Regarding the TPC (GAE equivalent) of the syrups, variation can be observed among the samples (p < 0.05). The blonde syrups had lower contents (av. 134–143 mg/100 g) than brown syrups (av. 185–213 mg/100 g) (Table 1). This is possibly due to the removal of pigments from the blonde syrups, including antioxidant phenolics, by the activated carbon treatment [12,32]. Data on the TPC of similar commercial syrups were not found. For grape juice concentrate, TPC values (GAE; dry mass) of 252 ± 33 mg/100 g (from grapes with initial TPC 1619 ± 167 mg/100 g) [33], and 245.6 ± 4.3 mg/100 g [34], have been reported.

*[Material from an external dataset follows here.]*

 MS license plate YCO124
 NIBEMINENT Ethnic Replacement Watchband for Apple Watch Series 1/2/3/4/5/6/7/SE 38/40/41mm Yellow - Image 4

In traditional Turkish pekmez, a TPC of 335.9 ± 7.2 mg/100 g has been reported [35]. Finally, in grape molasses produced using traditional and industrial methods, the TPC (GAE; dry mass) varied from 1.70 ± 0.13 to 8.31 ± 0.11 mg/g, according to [36].

In [12], the TPC of FSS (same origin and batch as the FSS used in this study) was found to be 476 ± 0.3 mg GAE/100 g, while that of aqueous FSS extract (11.3 °Be) was 107.0 ± 0.02 mg GAE/L. The significant reduction in TPC in the syrups compared to the raw material (FSS) is due to the production process, and specifically to the removal of the solid FSS residues (skins, seeds, and stems) and the clarification and depigmentation steps [12,33], as well as to possible chemical effects of these processes on the FSS phenolics.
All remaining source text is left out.